Sterling Cross Defense Systems, Corp.
- Type: Private
- Industry: arms manufacturer,
- Founded: 2008; 18 years ago
- Founders: Tim Macfarlane
- Headquarters: Abbotsford, British Columbia, Canada
- Areas served: Globally
- Key people: Tim Macfarlane (CEO)
- Website: sterling-cross.com

= Sterling Cross Defense Systems =

Canadian arms manufacturer

Sterling Cross Defense Systems is a Canadian arms manufacturer operating in Abbotsford, British Columbia. The company was founded by Tim Macfarlane in 2008. They supply globally to police, military and for commercial use.

==History==
The company originally started in 2008 as a 10-person company. They started by supplying ammunition to police and military. In 2011, they opened a commercial sector, which allowed for hobby shooters and hunters to purchase their products. Their biggest growth was marked during 2010 to 2012 and was listed by the now defunct Profit (magazine) as the sixth of the fifty fastest growing Canadian companies. Their top customers are from Saudi Arabia.

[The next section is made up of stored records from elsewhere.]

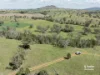 3450 Rushes Creek Road, Carroll, NSW 2340-Image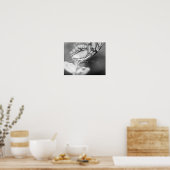 Poster Papillon Visage Nature Noir Et Blanc (Cuisine)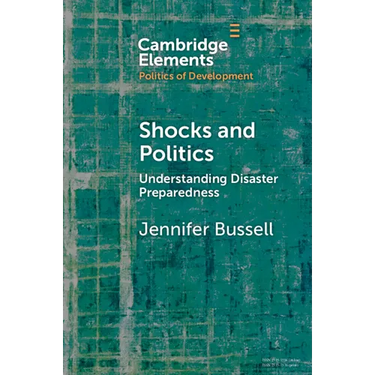 Shocks and Politics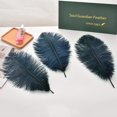 thumbnail image 4 of Craft Feathers Ballinger, avestruz azul marino, 25-30 cm, 24 unidades, 4 of 7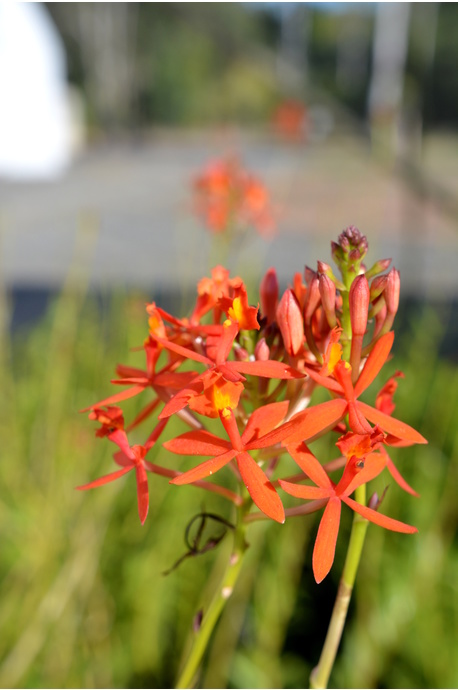 Epidendrum (Crucifix Orchid) - Tangerine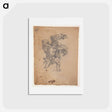 アートポストカード-Study after Dürer: Saint Christopher I - アルブレヒト デューラー Postcard.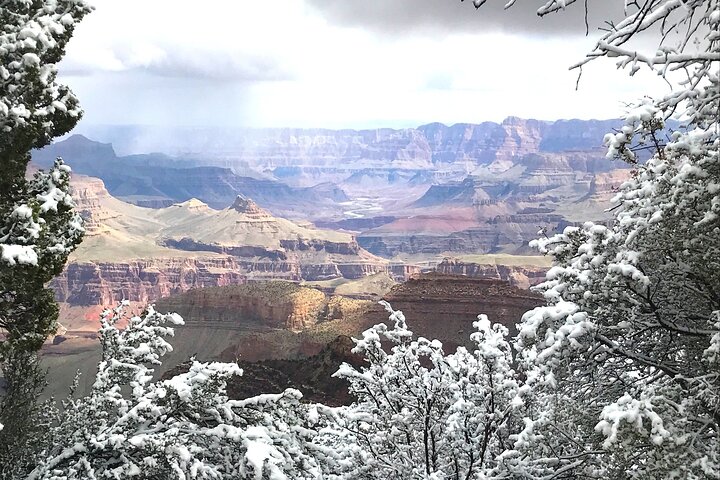 Excursão ao Grand Canyon saindo de Tusayan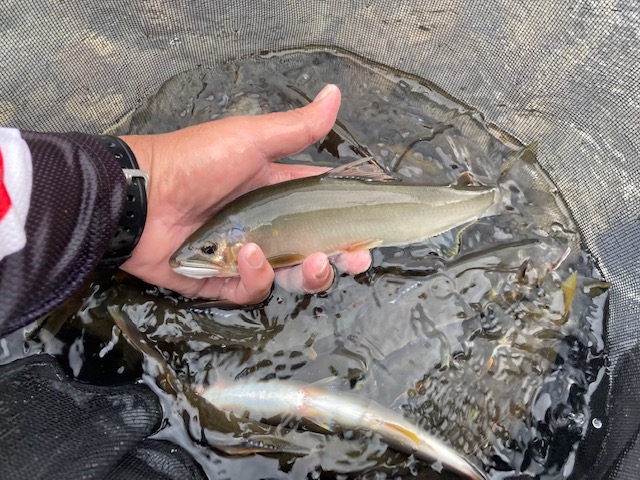 日高川 下げ水狙いの友釣り釣行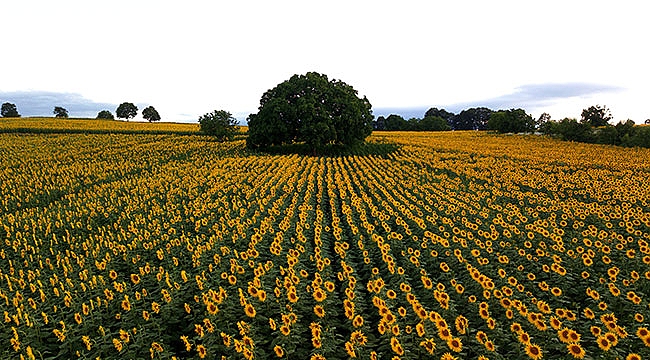 Ayçiçeğinde hasat başladı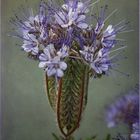 Phacelia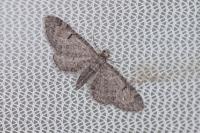 Eupithecia ultimaria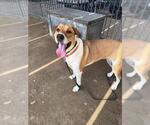 Small Boxer Mix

== Alleged involvement with countries under arms embargo ==
In 2025, verified images on social media showed rifles manufactured by Sterling Cross used by Rapid Support Forces raising concerns about Canadian involvement in the Sudanese civil war.

In June 2026, videos from 2024 were verified to show that rifles from this company were seen in Jebel Moya of Southern Khartoum. In addition, images of these rifles were seen in sanctioned countries such as Libya and Yemen.